Ao ser questionada a respeito, a professora continua citando o exemplo do Ministério da Mulher:

" Nós temos essas questões de falta de representatividade e as pessoas pensam que está muito bom porque têm mulheres, mas eu não me sinto representada.

 

[…] Num ministério que elabora política para mulheres não ter uma mulher negra, nem como secretária executiva? Então, como eu posso me sentir representada?

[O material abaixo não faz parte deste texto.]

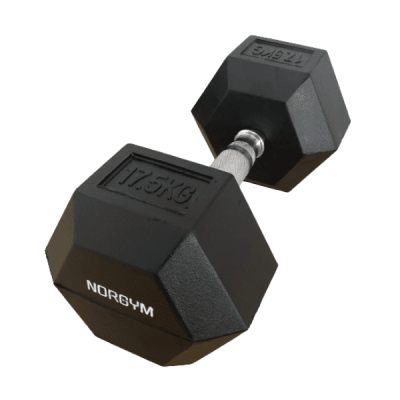Håndvægt hexagon 15 kg Sort håndvægt med hexagonale ender og en vægt på 17,5 kg. Håndtaget er metal, og mærket NORGYM er synligt.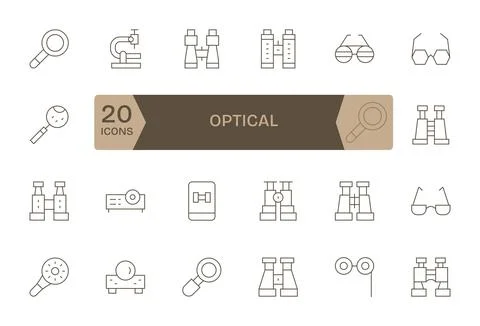 24 256x256 Thin Line Editable Vector Icons for Optical Projects Stock Illustration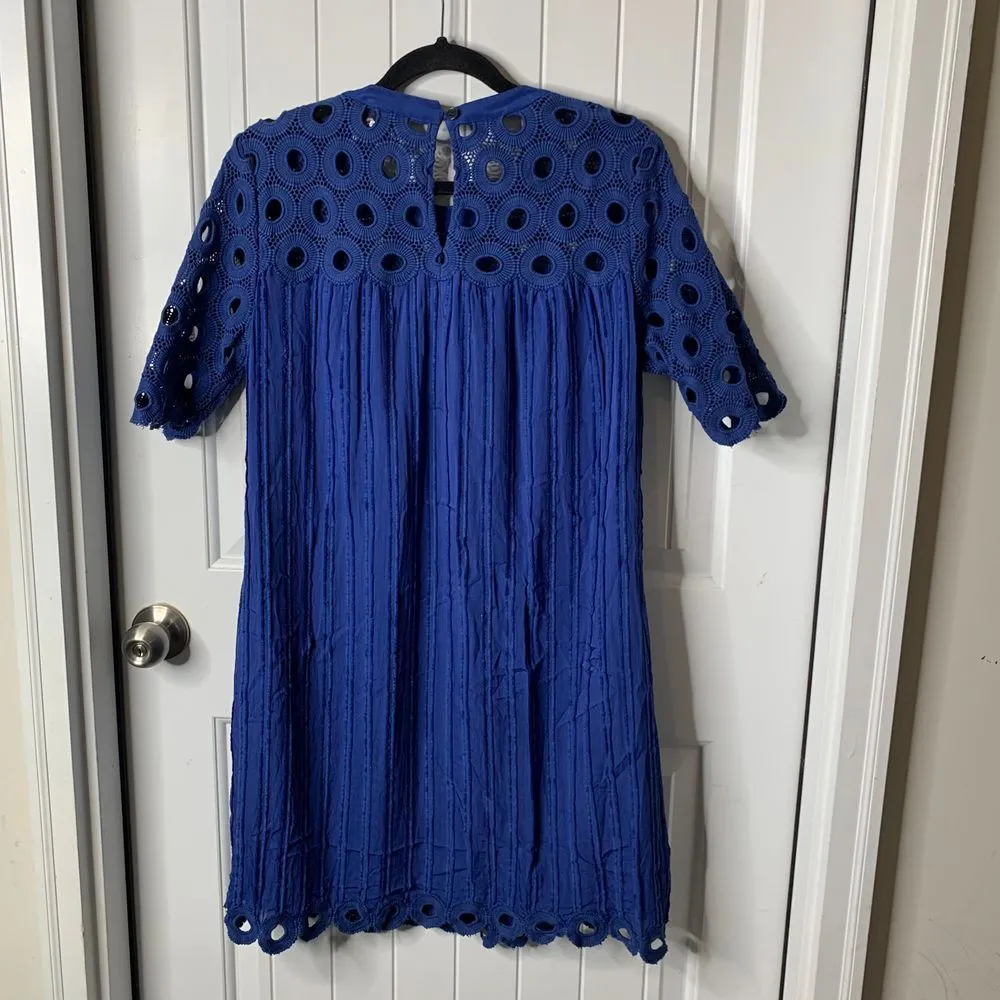 See New‎ York Royal Blue Eyelet Lace Cotton Silk Midi Dress Size 6 - Image 6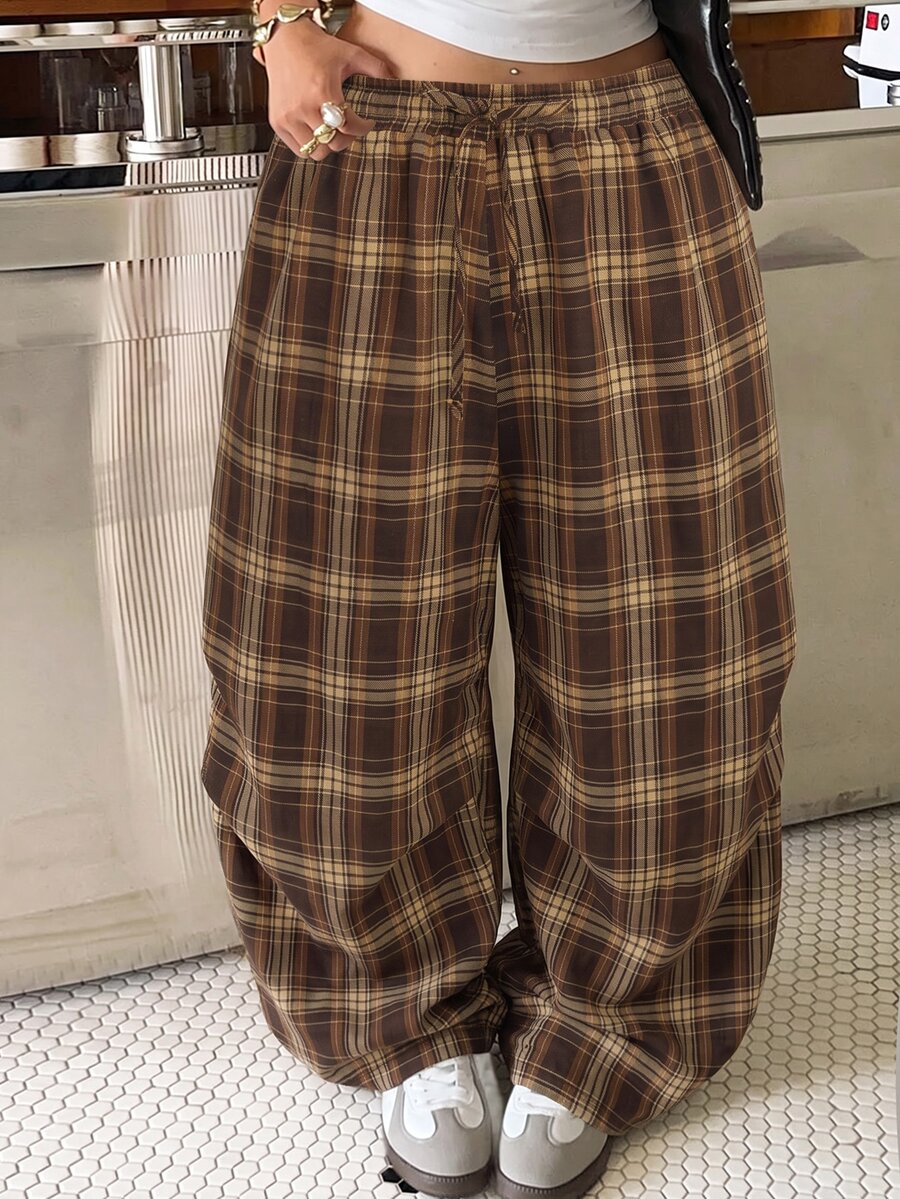 Muchica Plus Size Women's Plaid Casual Versatile Daily Travel Long Pants - Multicolor - View 1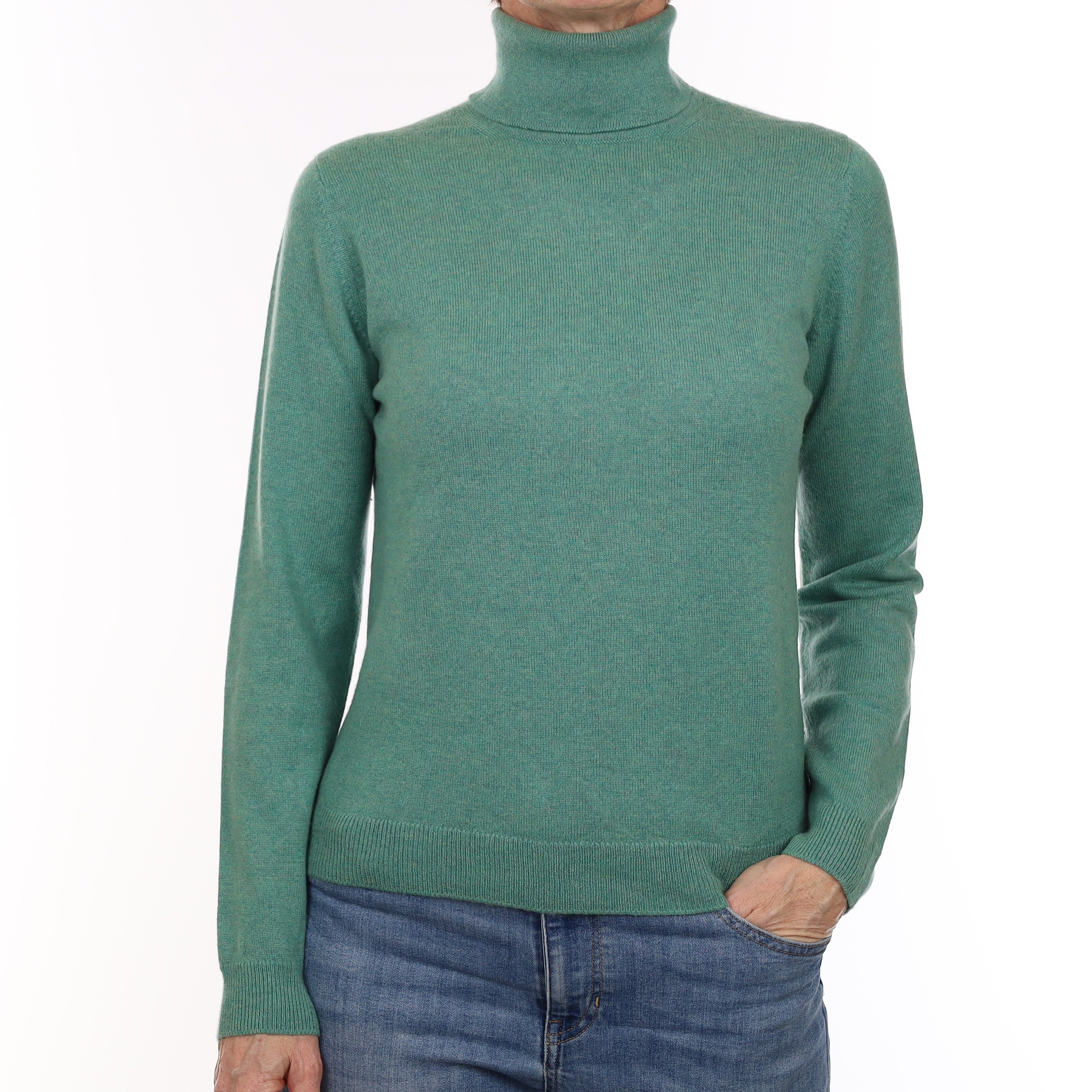Sea Foam Green Cashmere Polo Neck Jumper Small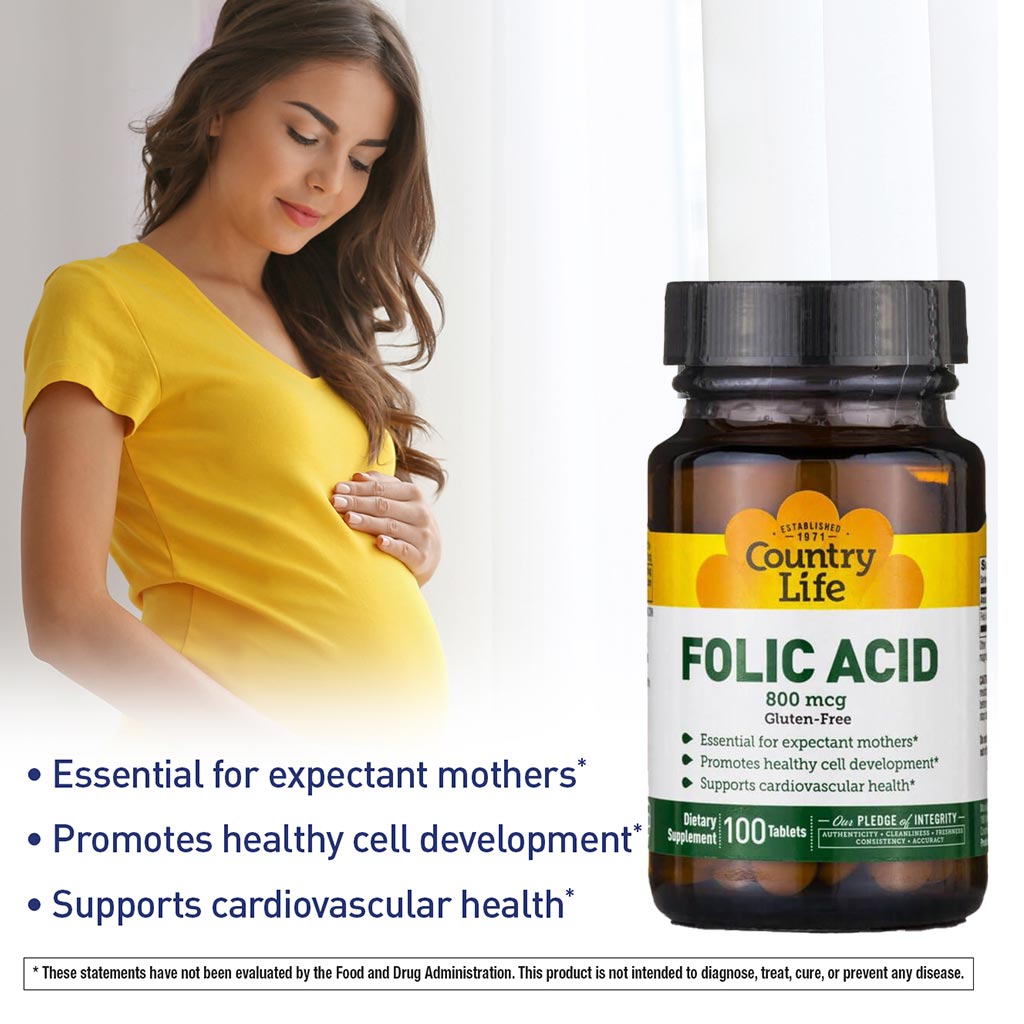 Country Life Folic Acid 800 mcg Supplement Tablets For Pregnancy, Pack of 100's - Easy Pharmacy LLC
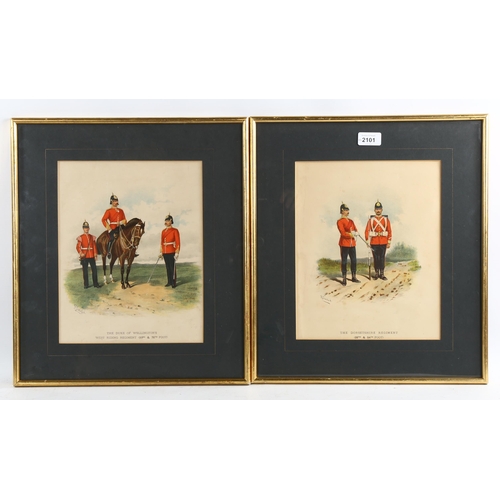 2101 - R Simkin, pair of 19th century colour prints, studies of military uniform, 30cm x 24cm, framed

Não podemos diminuir a pauta feminista, mas, dentro da pauta feminista tem a especificidade do recorte racial que não está sendo tratado com a devida atenção no campo da política, e quando é tratado, é partir da fala de uma mulher branca, que não me representa.”

 

Acredito que a maioria das mulheres negras entendem essa colocação da professora Iraneide a respeito do fato de que a luta feminista, não forma redes de apoio para as mulheres negras. E mesmo assim, são as mulheres negras que apoiam direta ou indiretamente a progressão civilizacional da mulher branca. A professora ressalta isso  ao exemplificar os esforços de uma empregada doméstica, que além de manter o emprego da branca quando cuida da sua casa e dos seus filhos, muitas vezes estuda  e cotidianamente lida com os serviços domésticos de sua própria residência.

 

Essa mulher, Iraneide Soares – mulher preta, crespa e de dreads, mãe, esposa, feminista negra,  professora da graduação e da pós-graduação na UESPI, passou quase dois meses para conseguir me dar essa entrevista, o motivo – sua agenda super lotada. Ela me disse: “Eu demorei Tulane, não é por nada, é que eu precisava de ar.” Uma questão de fôlego. Estar em locais de liderança e permanecer, sim, é uma questão de fôlego, principalmente se esse lugar for mais de um lugar. Esteio de suas redes, e remando sozinha.

 

Essa coisa de estar nos lugares e não se ver representada, ou pior, de estar nos lugares e ser invisibilizada, infelizmente está na nossa história e ancestralidade. A historiadora Iraneide Soares me conta então algo que vira uma chave de perspicácia na minha mente. Ela conta que no período  colonial as mulheres brancas só tinham acesso a espaços privados, e só podiam ir aos espaços públicos acompanhadas, seja por algum familiar ou por outra mulher, a negra mucama, ao contrário disso, as mulheres negras saíam e eram obrigadas a desempenhar as mais diversas funções, – lembrando que ela não era tratada como mulher – mas, ao mesmo tempo, ela aprendeu a lidar com os espaços da rua, da casa, da roça, muito cedo.

 

Ela continua dizendo que na história do Brasil e do Movimento Negro nacional que se constitui da luta e resistência, nós mulheres negras estávamos a frente, desde a Irmandades de santo, onde fomos protagonistas, isso nos anos de 1600, a exemplo das Mulheres da Boa Morte e tantas outras irmandades criadas pelo Brasil. “No processo de alfabetização também, entendemos que houve uma superação, pois a essa mulher que não era permitido estudar, acompanhava a sinhazinha nas aulas e, ouvia e aprendia e ensinava as outras, através do letramento, temos o exemplo da Esperança Garcia no Piauí, hoje considerada a primeira advogada negra do Brasil, que escreveu uma carta em 1770, aos 19 anos, escravizada. “Então as mulheres negras escravizadas tinham esse acesso tanto à casa, quanto à rua e à roça, e elas refletiam e aprendiam com essas experiências”, afirma a professora. É dessa mulher que estamos falando!

 

A professora Iraneide relata que em sua caminhada acadêmica entre a graduação e o doutorado, apesar do apoio, sempre ouviu falas em que não havia encorajamento para o estudo. Os conselhos eram envoltos pelas palavras, casamento e filhos. Apesar disso, ela sempre continuava a estudar e pregava seus diplomas na parede da sala da casa de sua mãe, e a partir dessa ação, suas irmãs passaram a terminar o ensino médio e ingressar num curso de graduação, consequentemente seus sobrinhos estão tomando o mesmo rumo.

 

“É dessa mulher que estamos falando! De uma mulher com experiência, com vivências que me representam, e é disso que eu sinto falta no governo Lula. Sinto falta de uma sensibilidade que o governo precisa ter na hora de elaborar políticas públicas. Sinto falta  de um olhar sensível e necessário para direcionar e dar conta dessa agenda social que é o Brasil.” Conclui a professora Iraneide Soares.